(Beginning of LISTED ENTRIES)

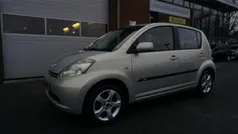 Beige Gebruikt 2006 Daihatsu Sirion Hatchback | € 1.450 (Super prijs)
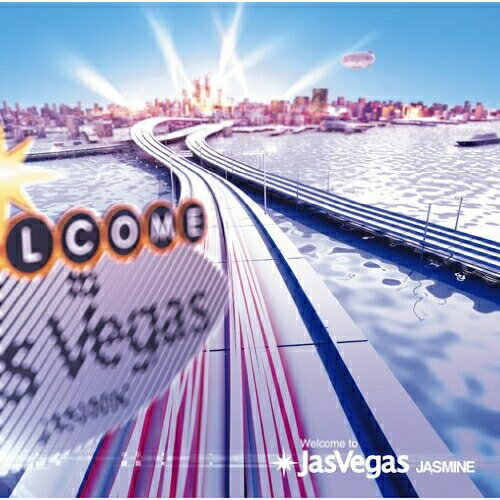 ץ饤WEB㤨CD / JASMINE / Welcome to Jas Vegas (̾ / AICL-2648פβǤʤ2,247ߤˤʤޤ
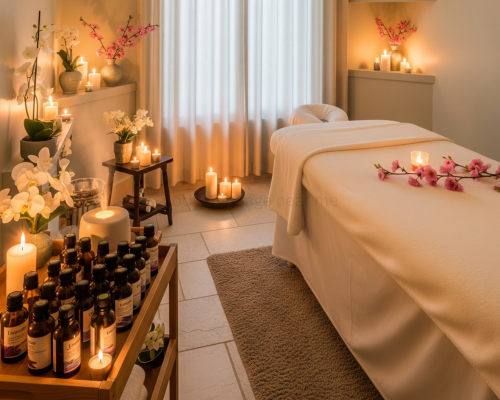 Spa in Gulshan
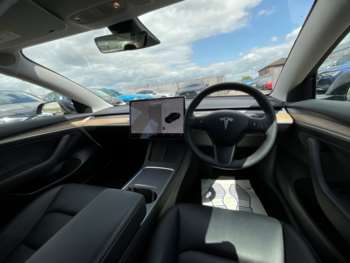 2021 - STANDARD RANGE + 4-Door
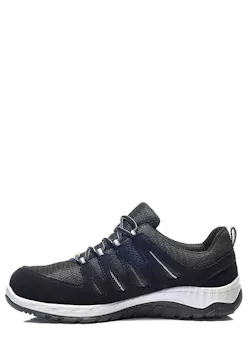 Elten Maddox W Black-Grey Low ESD S3 miniatuur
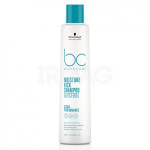 Schwarzkopf Шампунь Bonacure Moisture Kick Glycerol (250 мл)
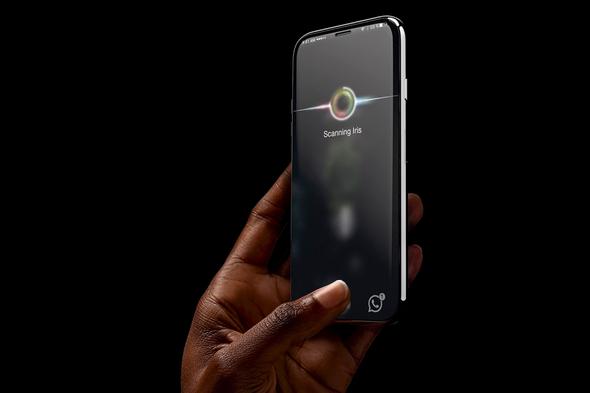 iPhone 8'i bekleyenlere kötü haber 17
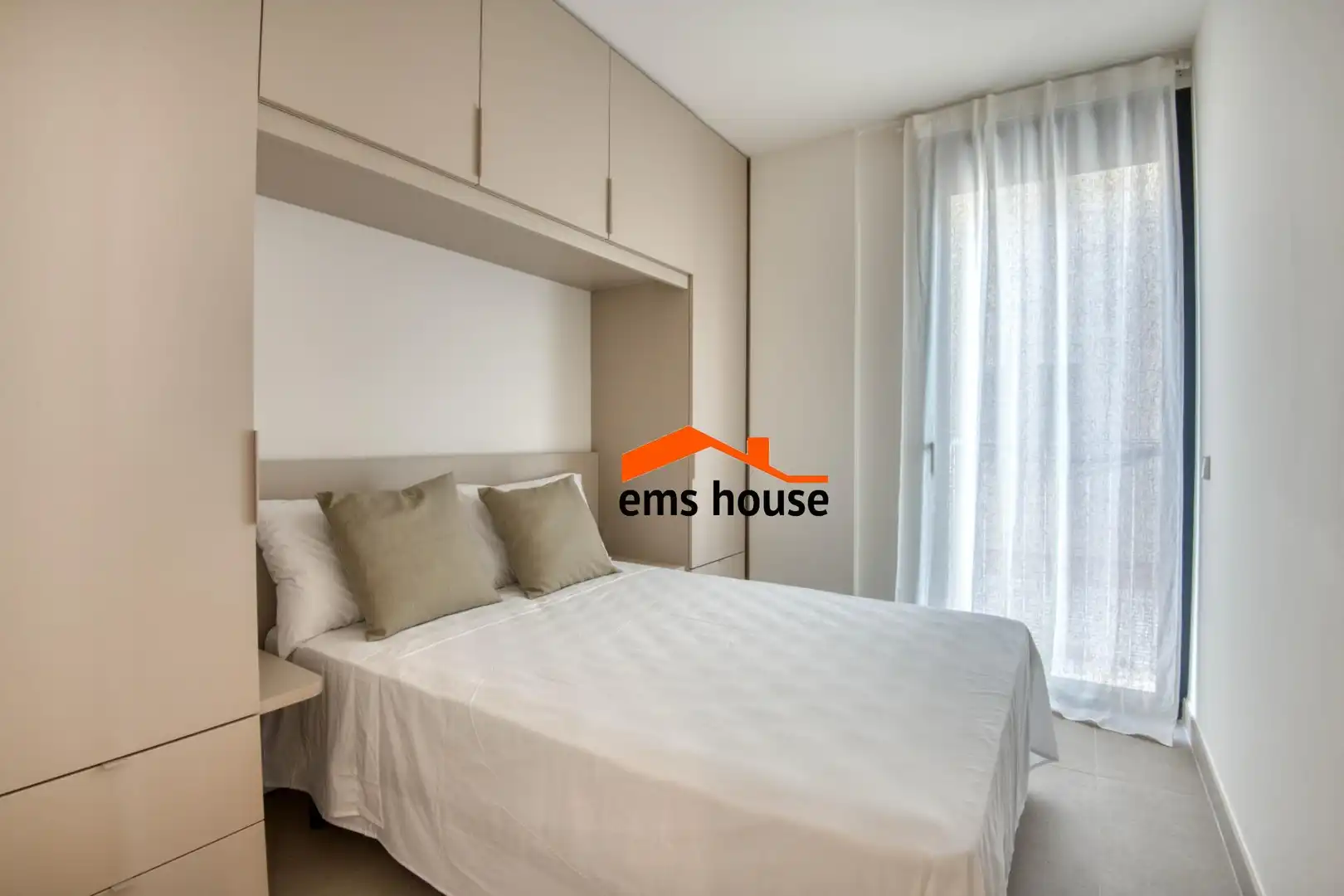 Apartament d'obra nova amb ascensor en venda a Passeig de Josep Mundet 50, imagen 33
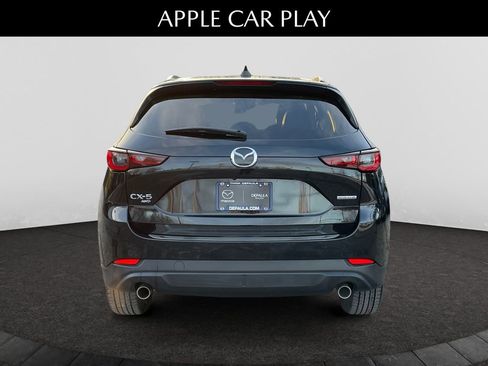 Used 2023 MAZDA CX-5 AWD 2.5 S w/ Premium Plus Pkg image 4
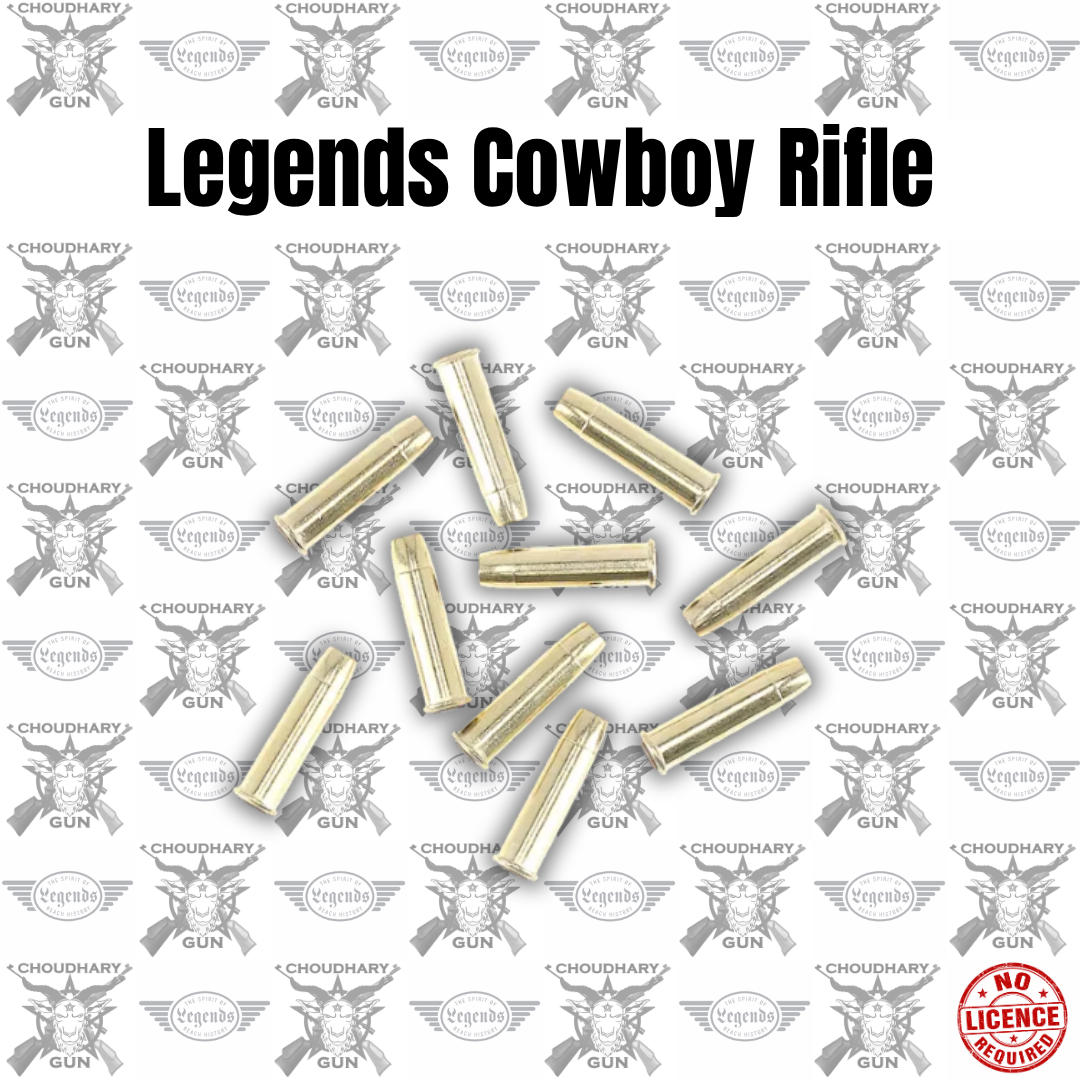 Legends Cowboy Rifle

(End of LISTED ENTRIES)

EXERCISE GOAL. All records should be output exactly, with the pictures left out.

WRITTEN ANSWER.
 Beige Gebruikt 2006 Daihatsu Sirion Hatchback | € 1.450 (Super prijs)
 ץ饤WEB㤨CD / JASMINE / Welcome to Jas Vegas (̾ / AICL-2648פβǤʤ2,247ߤˤʤޤ
 Spa in Gulshan
 2021 - STANDARD RANGE + 4-Door
 Elten Maddox W Black-Grey Low ESD S3 miniatuur
 Schwarzkopf Шампунь Bonacure Moisture Kick Glycerol (250 мл)
 iPhone 8'i bekleyenlere kötü haber 17
 Apartament d'obra nova amb ascensor en venda a Passeig de Josep Mundet 50, imagen 33
 Used 2023 MAZDA CX-5 AWD 2.5 S w/ Premium Plus Pkg image 4
 Legends Cowboy Rifle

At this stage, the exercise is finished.